Now, once the dough was rolled out and the chicken mixture was divided up, the real adventure began.

I probably should have waited for the mixture to cool before trying to form pies around it.  It didn't cause a problem till I attempted to pick them up.  They were so close to ripping through the bottom.  They almost fell apart.  But somehow, they managed to make it onto the baking sheet in one piece.  Mostly.

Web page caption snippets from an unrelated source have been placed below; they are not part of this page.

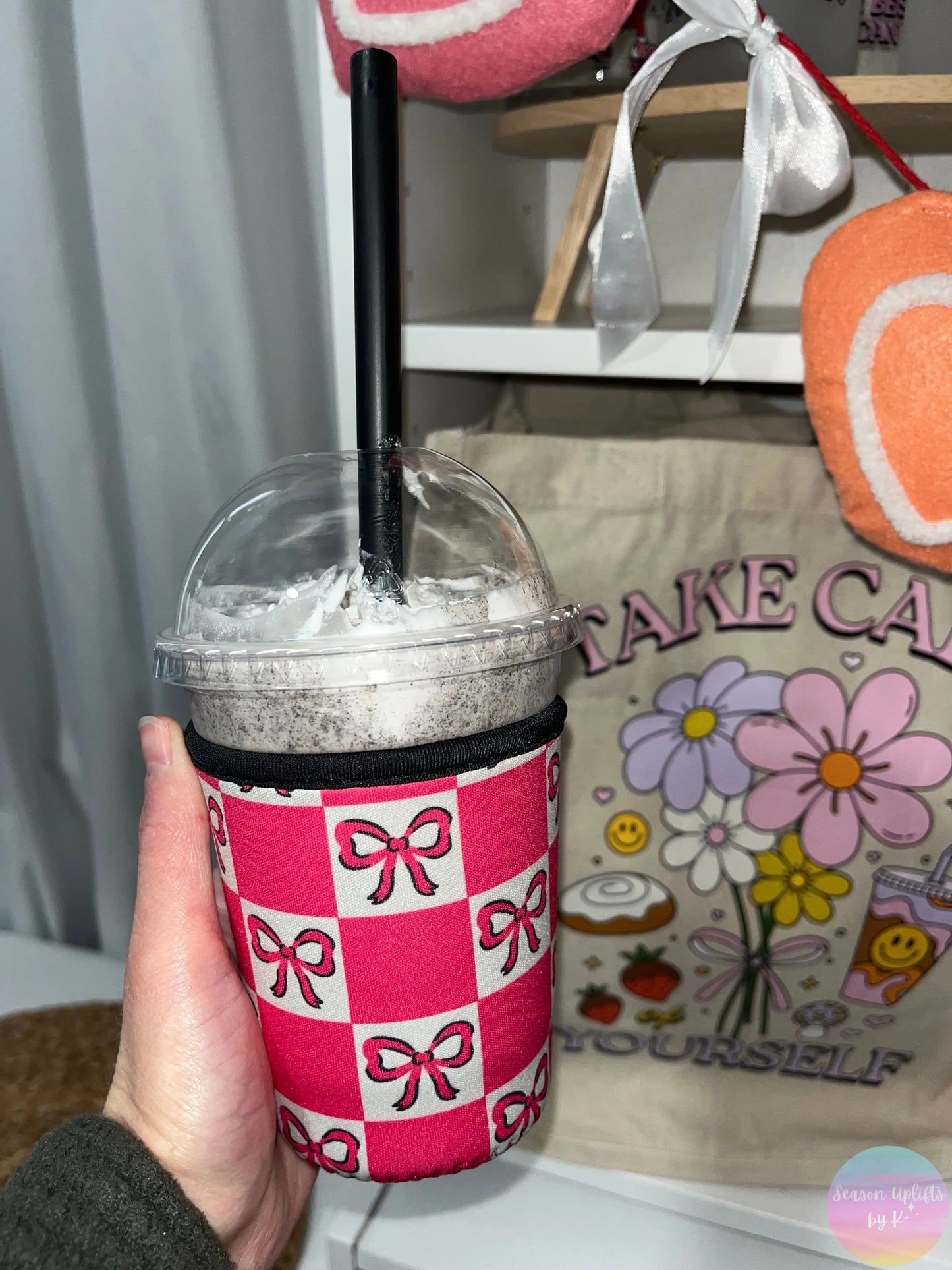 Pink Bow Checkers Coffee Sleeves Season Uplifts by K
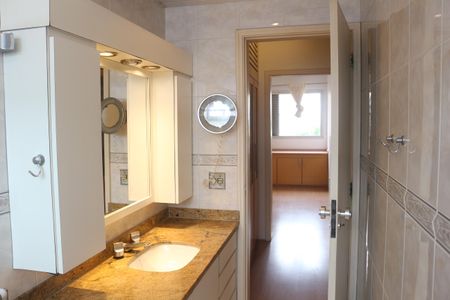 Apartamento à venda com 185m², 3 quartos e 2 vagasBanheiro da Suíte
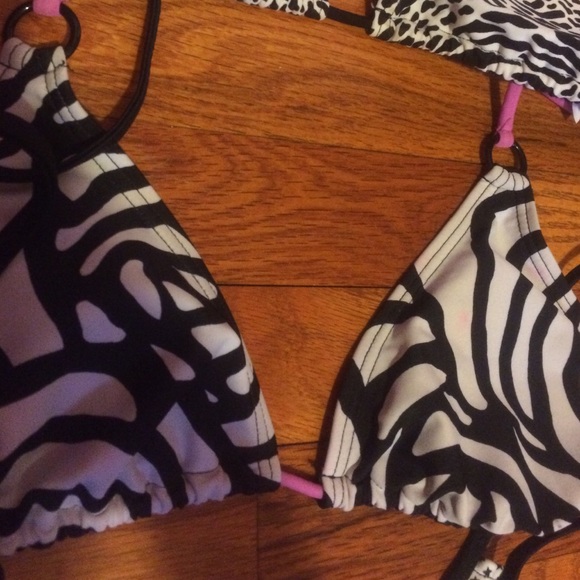 Bathing suit top bundle - Picture 3 of 4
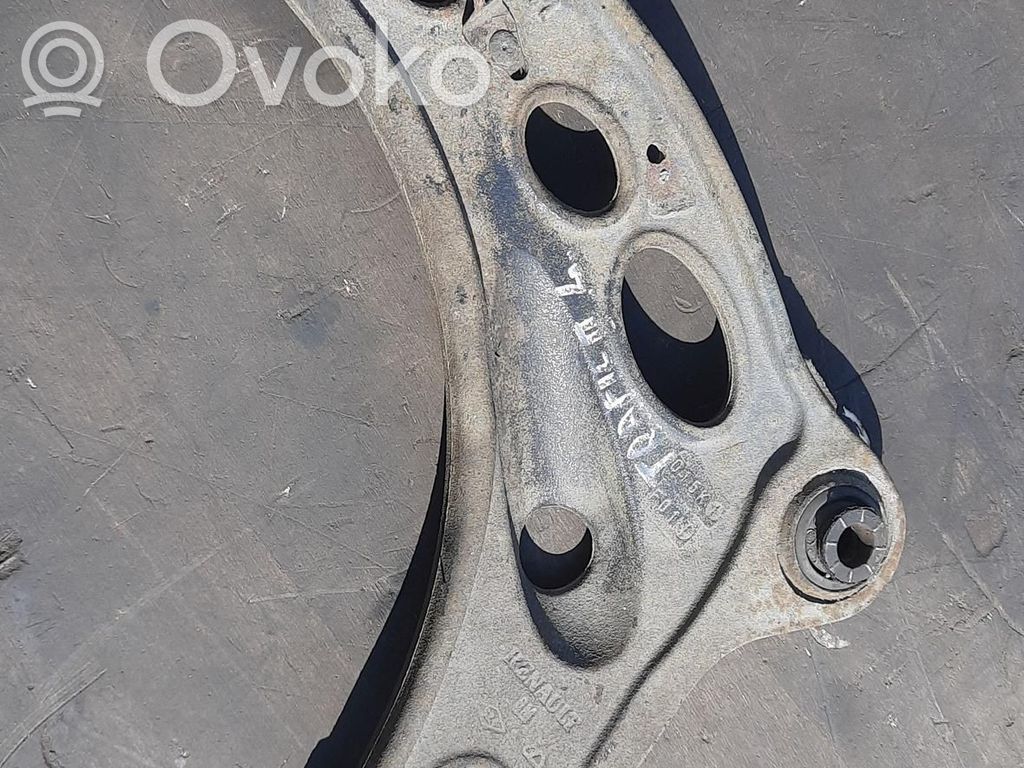 Renault Trafic III (X82) Braccio di controllo sospensione anteriore 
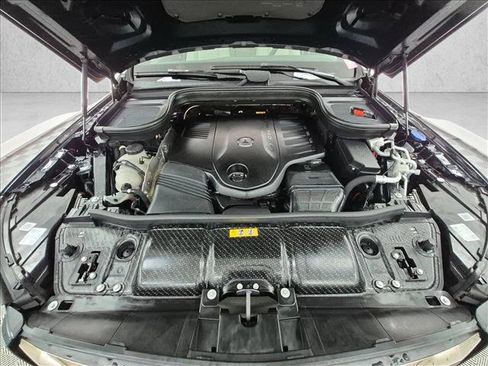 Used 2025 Mercedes-Benz GLS 450 4MATIC image 27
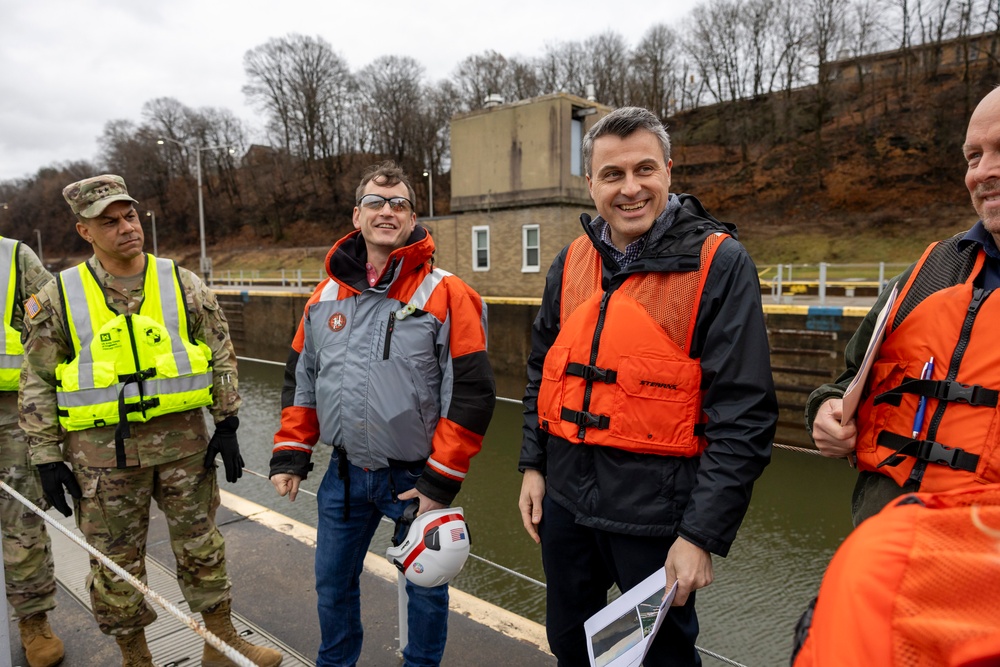 Great Lakes and Ohio River leadership visits Pittsburgh District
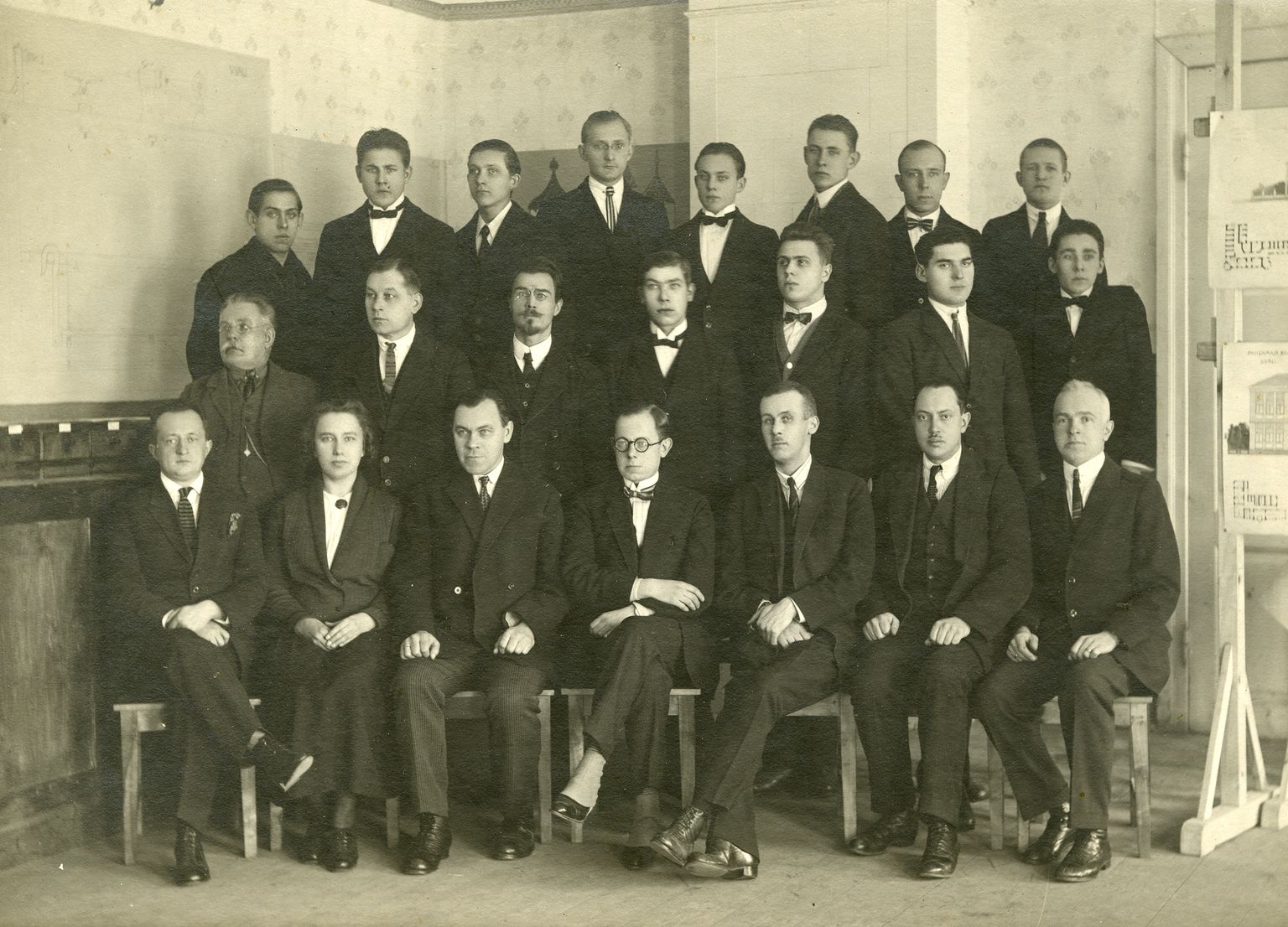 KURESSAARE TÖÖSTUSKOOLI I LENNU LÕPETAJAD koos õpetajatega 1926. aastal kooliruumis.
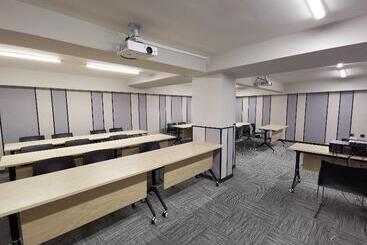 Отель Hanting Express Dashanzi 798 Art District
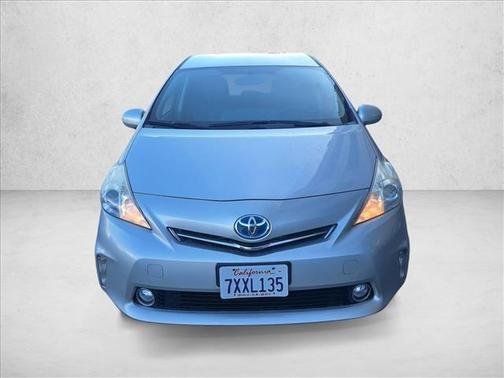 2014 Toyota Prius v Two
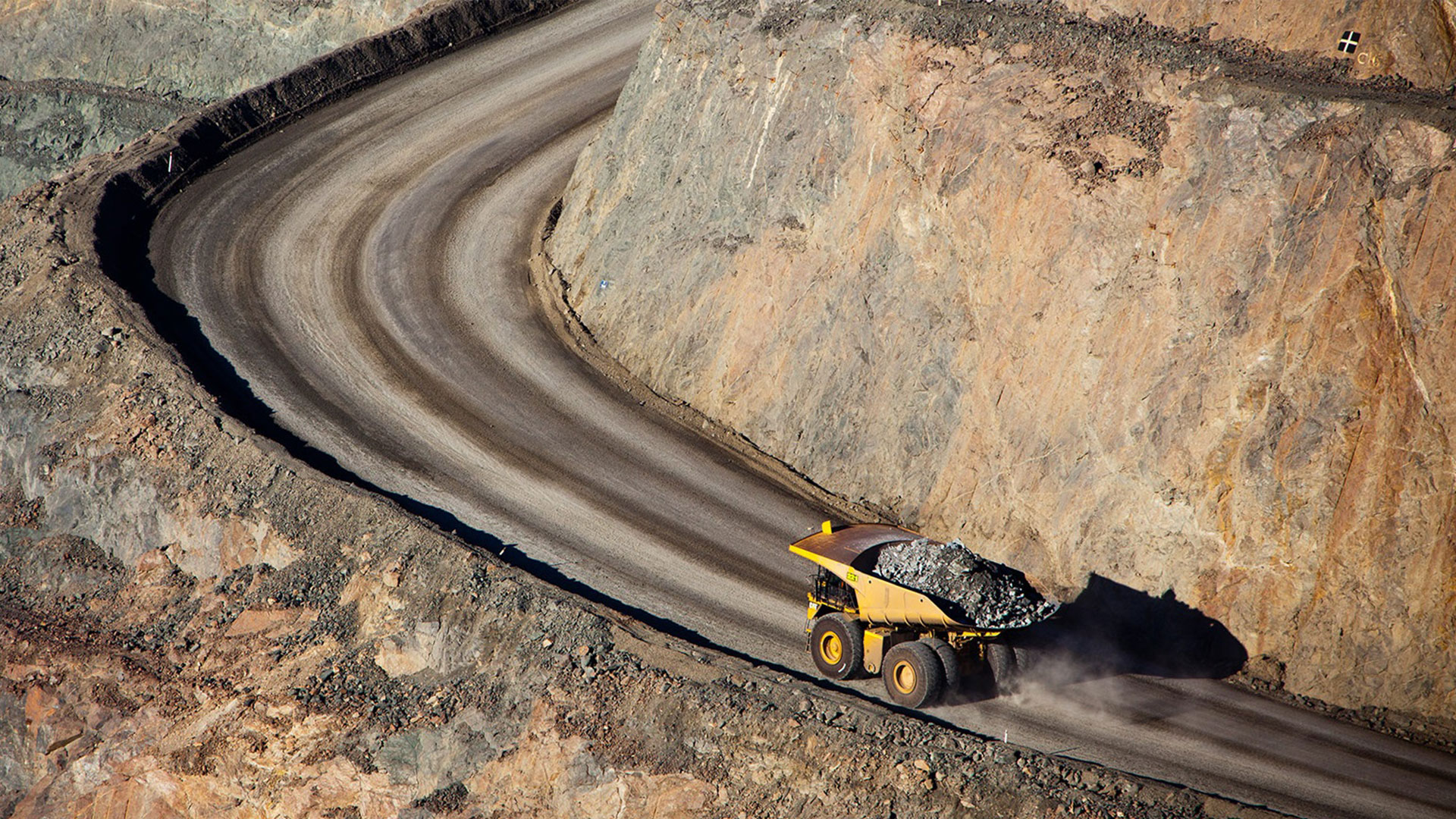 Mining site and truck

And then they came out of the oven.  They (even the ones that were a little . . . rough) looked beautiful.  It's all in the egg wash.  I felt so accomplished.  Hand pies always seemed so fancy.  And thanks to NES, we made them for dinner!

Chicken Hand Pies
slightly adapted from Sophistimom

1 medium potato, peeled if necessary and diced
1 tbsp. olive oil
1 small onion, diced
1 stalk celery, diced
1 large carrot, chopped
1 large parsnip, chopped
1 tbsp. butter
1 tbsp. flour
approx. 8-10 oz. vegetable or chicken stock from a 14 oz. can
1 bouillon cube or 1 tbsp. Better than Bouillon
salt and pepper (to taste)
2 chicken breasts, cut into 1/2 inch pieces
pastry dough (recipe below)
1 egg, beaten with a tsp. water

Preheat the oven to 425 degrees.

Line 1 or 2 baking sheets with parchment paper and set aside.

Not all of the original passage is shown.